Gli stretti rapporti tra la polizia americana e l’esercito israeliano e gli insediamenti illegali dei coloni israeliani vengono ora letti attraverso le lenti politiche del movimento dei Black Lives Matter e dei nativi americani. Ecco allora la realizzazione che la creazione di un forte movimento ebreo anti-sionista rappresentava un importante contributo ad una lotta che a questo punto ha assunto una dimensione internazionalista.
Le storiche ed eccezionali azioni di protesta a cui molti ebrei americani hanno preso parte in questi giorni devono allora essere lette come un grande successo di tutto il movimento radicale americano. Queste proteste segnano un importante cambiamento delle dinamiche politiche interne agli Stati Uniti rispetto alla questione palestinese.

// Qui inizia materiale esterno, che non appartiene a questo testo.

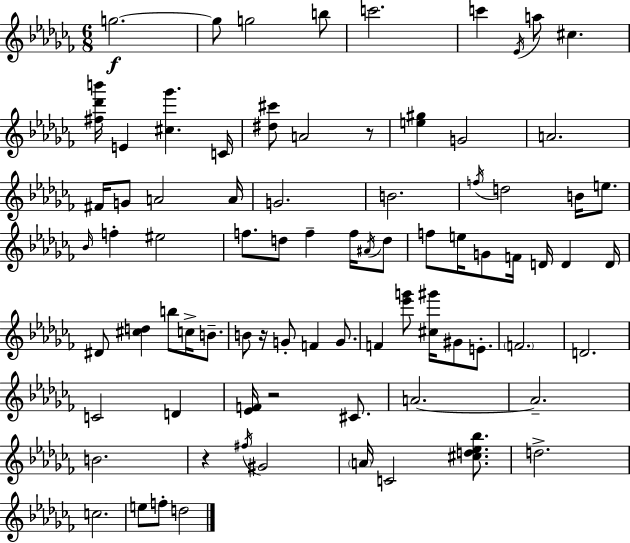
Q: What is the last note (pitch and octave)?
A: D5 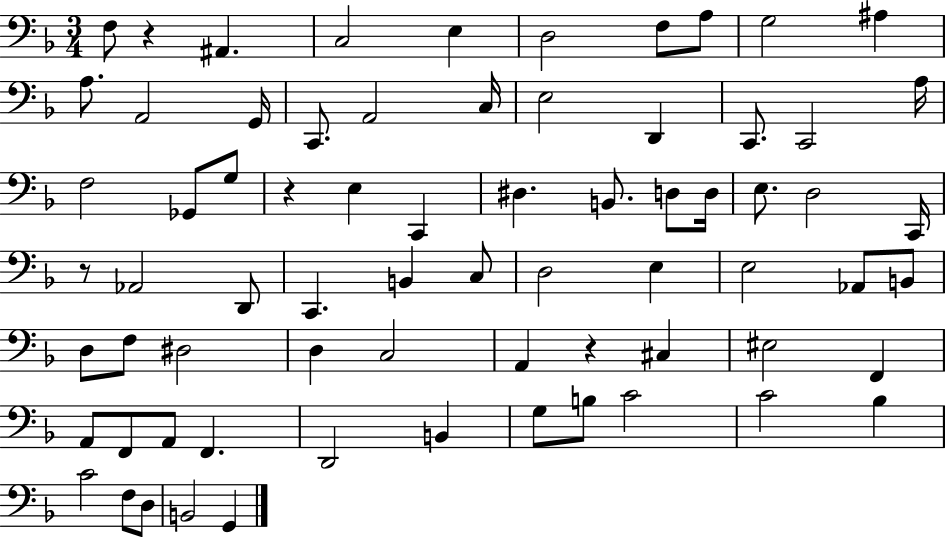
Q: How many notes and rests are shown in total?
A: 71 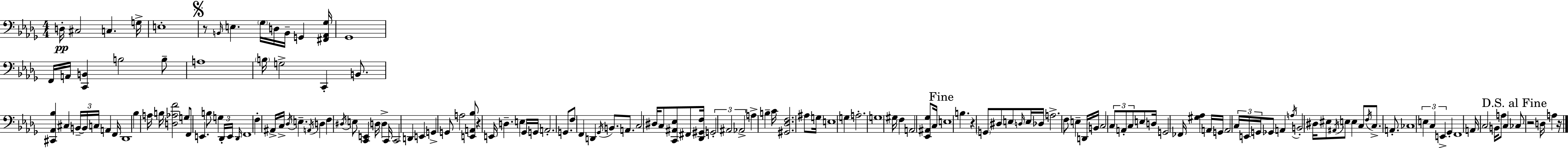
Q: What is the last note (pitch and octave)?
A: A3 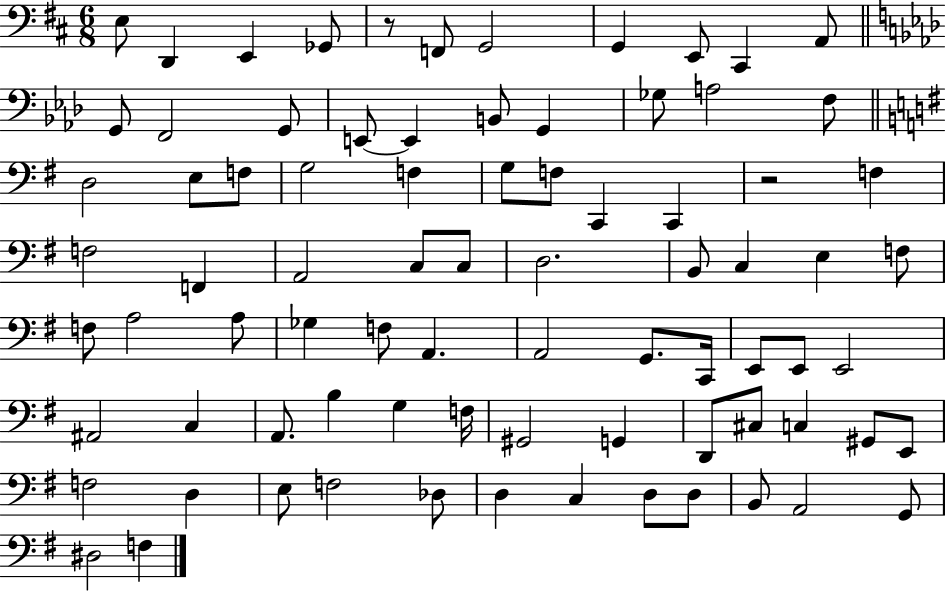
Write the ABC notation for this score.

X:1
T:Untitled
M:6/8
L:1/4
K:D
E,/2 D,, E,, _G,,/2 z/2 F,,/2 G,,2 G,, E,,/2 ^C,, A,,/2 G,,/2 F,,2 G,,/2 E,,/2 E,, B,,/2 G,, _G,/2 A,2 F,/2 D,2 E,/2 F,/2 G,2 F, G,/2 F,/2 C,, C,, z2 F, F,2 F,, A,,2 C,/2 C,/2 D,2 B,,/2 C, E, F,/2 F,/2 A,2 A,/2 _G, F,/2 A,, A,,2 G,,/2 C,,/4 E,,/2 E,,/2 E,,2 ^A,,2 C, A,,/2 B, G, F,/4 ^G,,2 G,, D,,/2 ^C,/2 C, ^G,,/2 E,,/2 F,2 D, E,/2 F,2 _D,/2 D, C, D,/2 D,/2 B,,/2 A,,2 G,,/2 ^D,2 F, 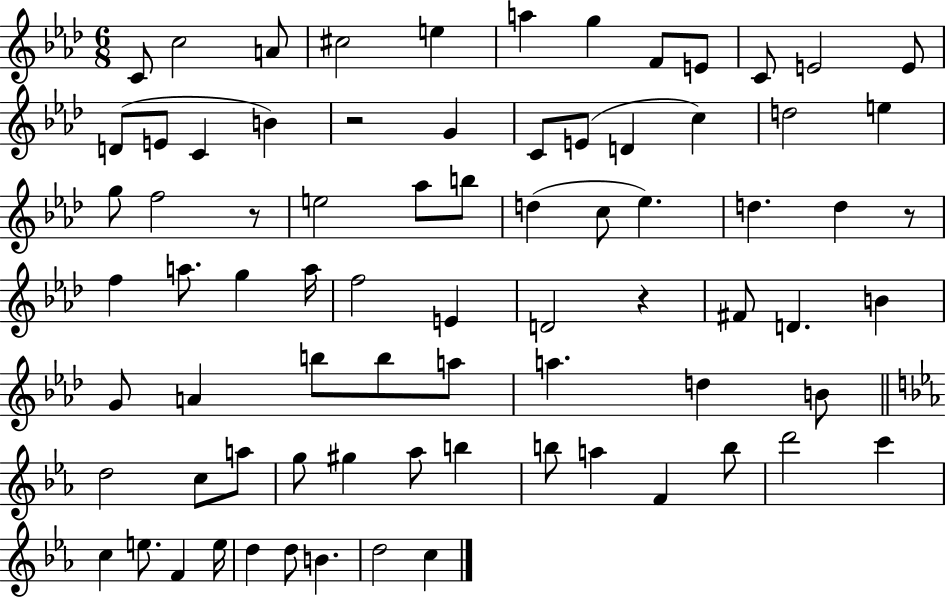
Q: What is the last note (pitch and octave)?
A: C5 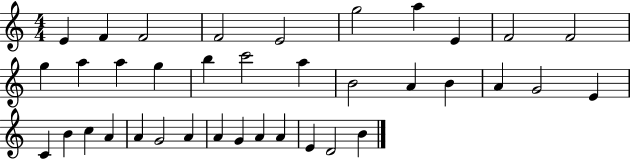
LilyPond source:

{
  \clef treble
  \numericTimeSignature
  \time 4/4
  \key c \major
  e'4 f'4 f'2 | f'2 e'2 | g''2 a''4 e'4 | f'2 f'2 | \break g''4 a''4 a''4 g''4 | b''4 c'''2 a''4 | b'2 a'4 b'4 | a'4 g'2 e'4 | \break c'4 b'4 c''4 a'4 | a'4 g'2 a'4 | a'4 g'4 a'4 a'4 | e'4 d'2 b'4 | \break \bar "|."
} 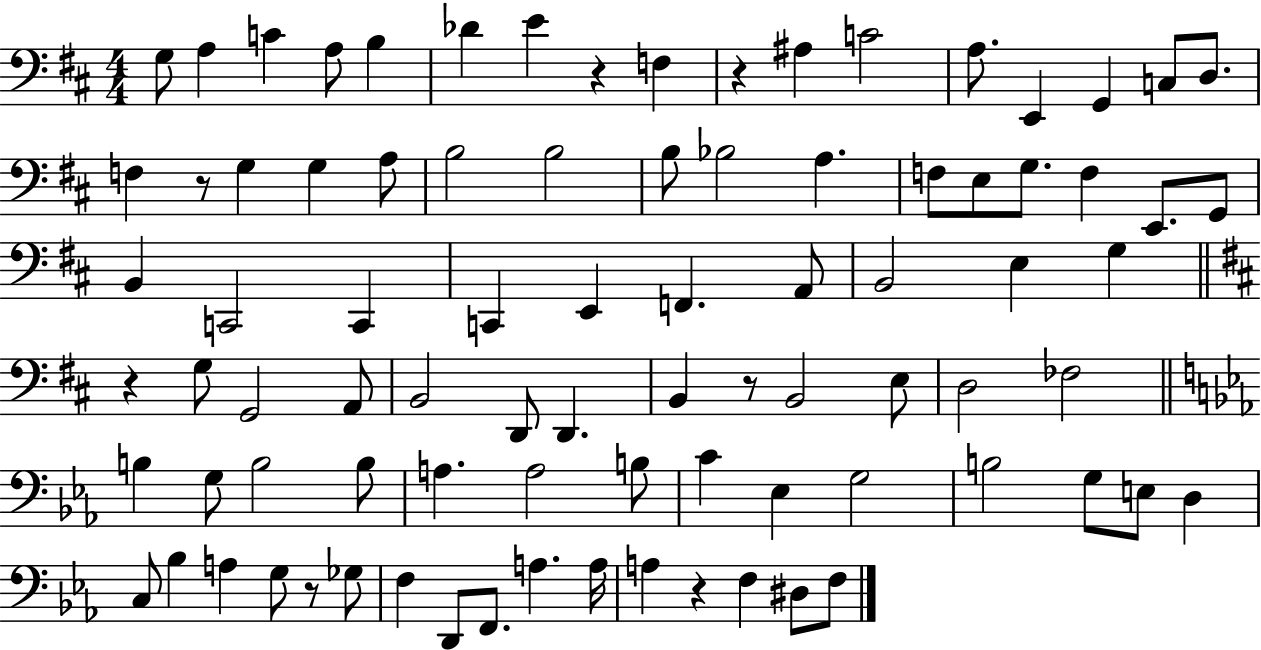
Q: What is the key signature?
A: D major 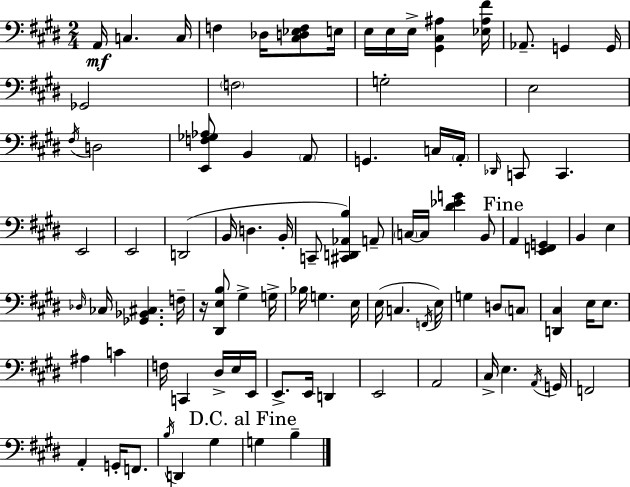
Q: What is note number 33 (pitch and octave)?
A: C2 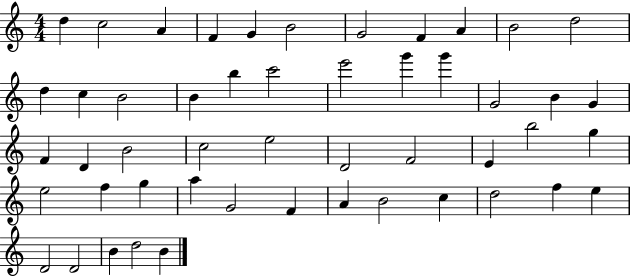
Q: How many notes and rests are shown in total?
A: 50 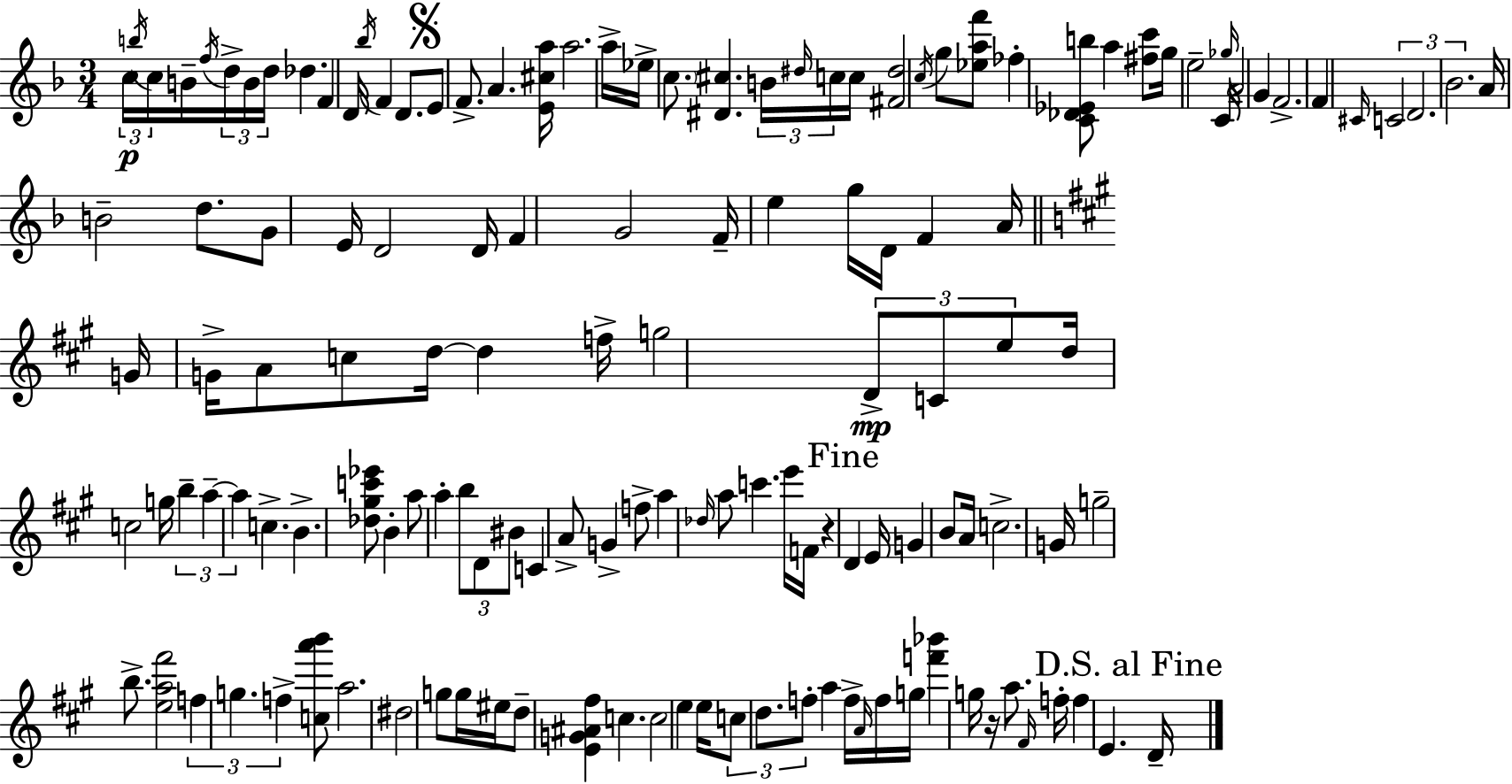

L’impossibilta’ di tacciare il movimento sceso in piazza in supporto dei Palestinesi di anti-semitismo, costringera’ il partito Democratico ha fare una riflessione seria su come comportarsi ed esprimersi, soprattutto alla vigilia di una cruciale campagna elettorale che culminera’ con le elezioni presidenziali nell’autunno del 2024. Non e’ un caso allora che già 16 parlamentari democratici abbiano deciso di sponsorizzare una mozione che chiede l’immediato cessate il fuoco. O che piu’ di 400 membri mussulmani ed ebrei dello staff del partito democratico abbiano firmato una lettera aperta in cui si chiede ai parlamentari di fare di piu’ per il raggiungimento del cessate il fuoco e di una soluzione politica che risolva veramente la quesitone palestinese.
Ovviamente la reazione dell’ala più conservatrice della comunità ebraica americana non si è fatta attendere. Per esempio nelle ultime settimane, importanti benefattori delle maggiori università americane hanno fatto pressione perché nei campus fossero vietate qualsiasi tipo di manifestazione pro-Gaza e chiesto una piu’ aperta condanna dell’attacco condotto dai militanti di Hamas da parte dei rettori. Ma è quando si aprono i maggiori giornali americani e si ascoltano i principali network che si avverte come il linguaggio stia lentamente cambiando.
Ancora una volta bisogna guardare alle lezioni imparate durante le proteste del movimento Black Lives Matter. In quei giorni, gli attivisti bianchi hanno imparato che e’ importante usare il loro privilegiato accesso ai media per amplificare la voce delle comunita’ nere perche’ la societa’ americana ascoltera’ e valutera’ quegli argomenti in maniera diversa semplicemente perche’ a parlare e’ un bianco.
In maniera simile, in questi giorni i giornali, le radio e le televisioni americane hanno dato spazio – anche se a volte limitato – a voci della comunità ebraica che apertamente criticavano le politiche israeliane. E’ facile tacciare un arabo di antisemtismo. Piu’ difficile e’ zittire migliaia di ebrei che chiedo a gran voce la fine del genocidio palestinese.
Certo il recente viaggio di Biden in Israele sembra suggerire che la politica istituzionale sia sorda rispetto alle richieste del movimento sceso in piazza, ma la sensazione che si ha guardandosi intorno e’ che in questi giorni qualcosa sia veramente cambiato.